Only one stretch of the data below is needed. Output the lines from the one with "Многотысячный караван мигрантов" up to and including the one with "450 Little Path Road, Des Plaines, IL 60016", exactly as they stand.

**Extracted data**
########################################
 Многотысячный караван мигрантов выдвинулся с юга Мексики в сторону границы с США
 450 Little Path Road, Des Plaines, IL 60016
########################################
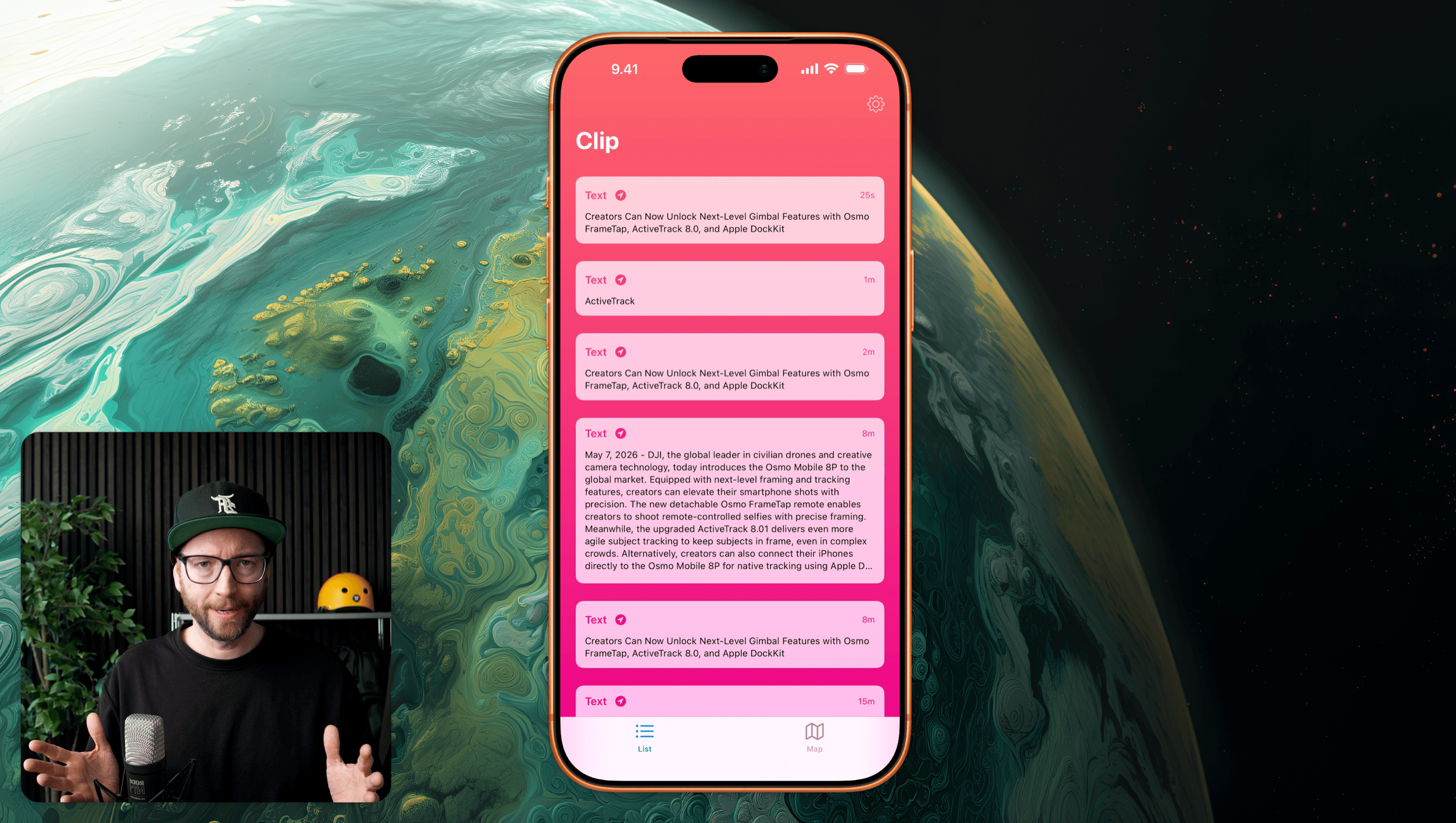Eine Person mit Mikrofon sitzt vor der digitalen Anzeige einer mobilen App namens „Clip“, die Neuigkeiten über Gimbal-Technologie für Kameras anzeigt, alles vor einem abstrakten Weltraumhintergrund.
########################################
**Final answer**
 Многотысячный караван мигрантов выдвинулся с юга Мексики в сторону границы с США
 450 Little Path Road, Des Plaines, IL 60016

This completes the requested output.